Por eso no me sorprendí al ver a algunos pueblerinos regando el árbol de su hogar, todos tenían uno y si el espacio no era suficiente, echaban mano del árbol más cercano. Era una práctica para pedir favores a la tierra, vida, salud. Suspiré, el río pronto estaría concurrido, no solo por el calor, sino por aquellos que desearían purificarse en sus aguas. Tendría que esperar para bañarme al aire libre en paz, probablemente, a inicios del otoño estarían disponibles y solitarias sus aguas, quizás no tan cálidas, pero igual de relajantes.
Sonreí, según las sacerdotisas aquellas prácticas veraniegas carecían de sentido. El ritual no era efectivo si no lo hacías en pleno invierno. No por algún sádico afán de la naturaleza o nuestras creencias, sino porque tenía más sentido lavar los errores de todo el año el último mes de este y porque el agua fría era un recordatorio fúnebre de los brazos de la muerte, aquellos que te rodearían para jamás soltarte si no llevabas tu vida en paz, honor y virtud.
Observé el río serpentear detrás de unos árboles frondosos. Ya se escuchaban algunas risas y chapoteos, seguro eran los niños del pueblo, aquellos que aún tenían padres, y que disfrutaban con dulce inocencia, de las delicias del agua. Su único error era faltar a la escuela ese día, era lo único que debían lavar, un pecado sin importancia. Observé mis manos, los míos eran más graves, tendría que esperar al invierno para lavar mis pecados, las manchas de sangre que como lepra cubrían mi piel sin importar cuanto la lavara.
Di la vuelta a mi caballo y me alejé del río, hacia el este. La casa de Kaira resaltaba sobre el horizonte, justo a mi izquierda.

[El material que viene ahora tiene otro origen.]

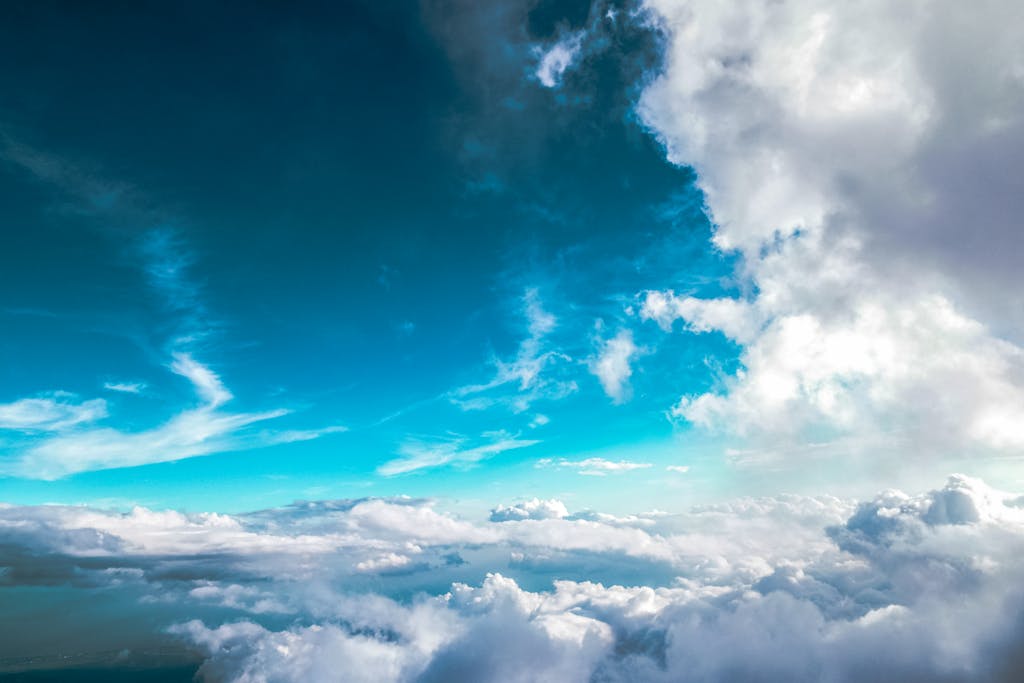 Breathtaking view of clouds with vibrant blue sky above, offering a dreamy skyscape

Un leve tirón de las riendas y Huracán me llevaría hasta ella. En algún rincón apartado de mi mente sabía que sus manos serían las únicas capaces de borrar la sangre que marcaba mi alma, que sus besos borrarían las heridas que los errores habían dejado en mi piel, pero ya eso no era posible y la carga debía ser únicamente mía.